* **What is needed**:
From first line to last, copy the listing exactly and omit its pictures.

* **Provided material**:
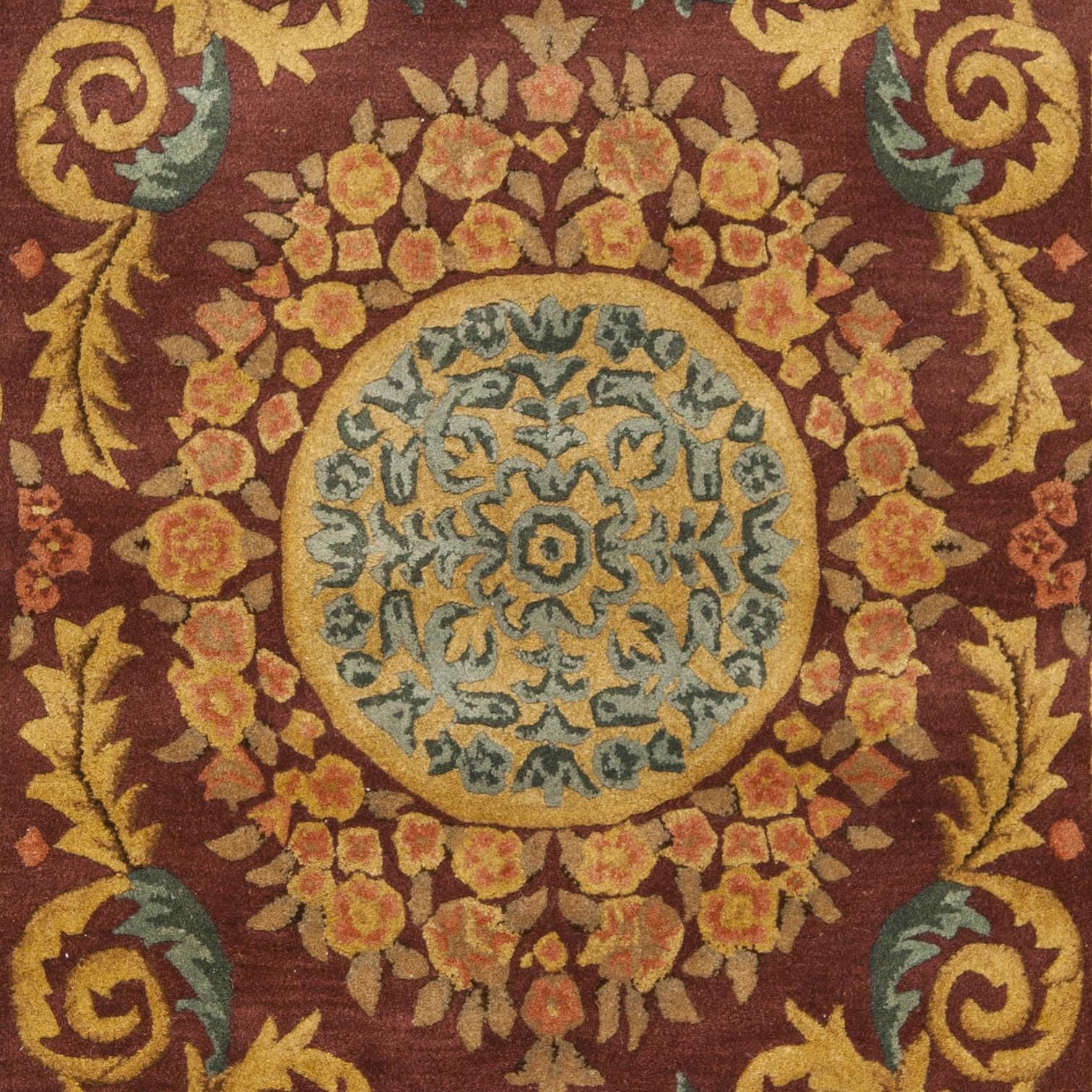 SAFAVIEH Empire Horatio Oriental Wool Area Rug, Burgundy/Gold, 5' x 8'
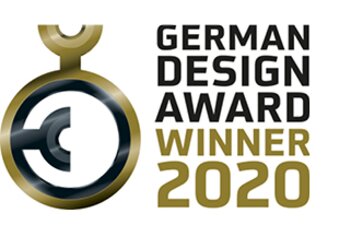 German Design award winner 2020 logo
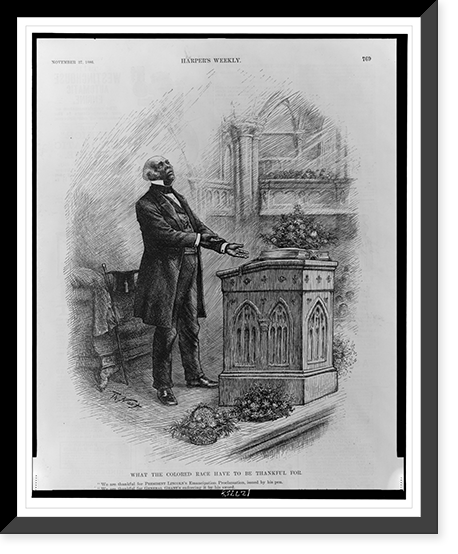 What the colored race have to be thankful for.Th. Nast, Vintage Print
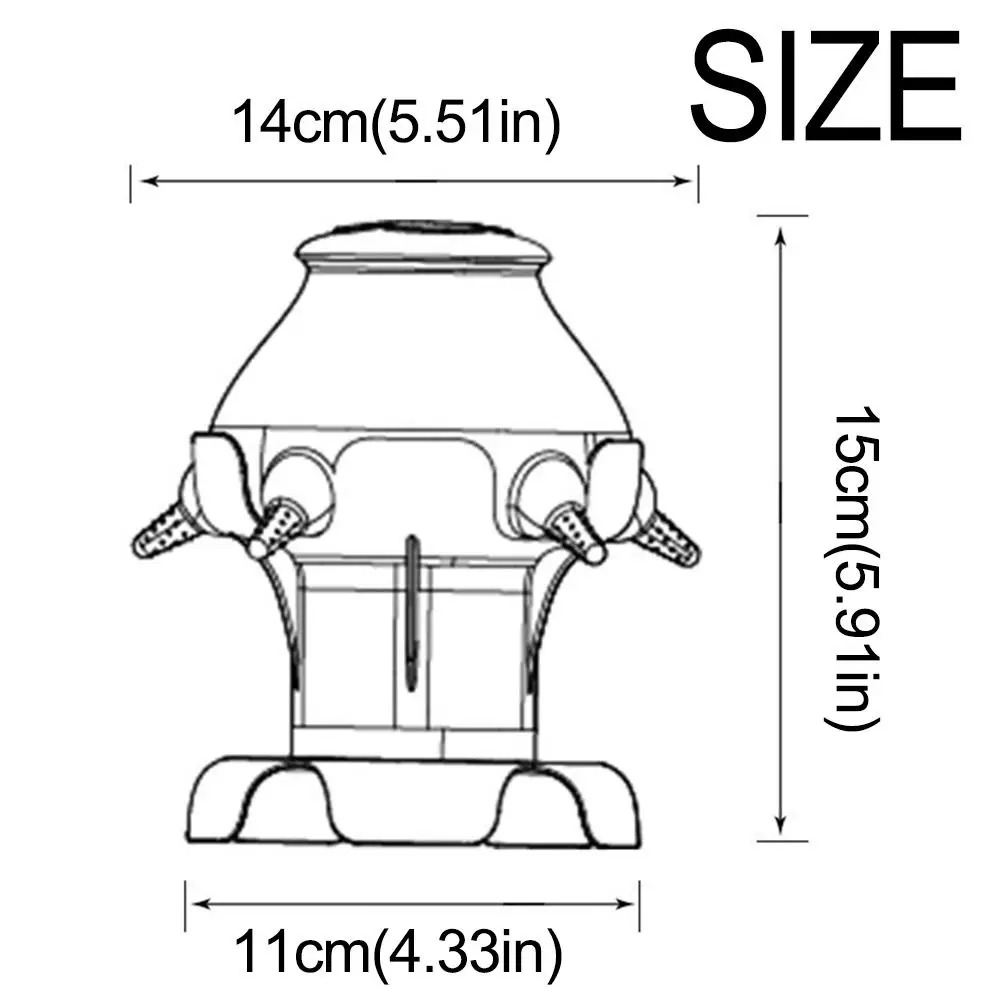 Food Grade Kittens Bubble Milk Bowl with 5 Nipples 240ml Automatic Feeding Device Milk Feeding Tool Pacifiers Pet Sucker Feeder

* **Solution for this problem**:
 SAFAVIEH Empire Horatio Oriental Wool Area Rug, Burgundy/Gold, 5' x 8'
 German Design award winner 2020 logo
 What the colored race have to be thankful for.Th. Nast, Vintage Print
 Food Grade Kittens Bubble Milk Bowl with 5 Nipples 240ml Automatic Feeding Device Milk Feeding Tool Pacifiers Pet Sucker Feeder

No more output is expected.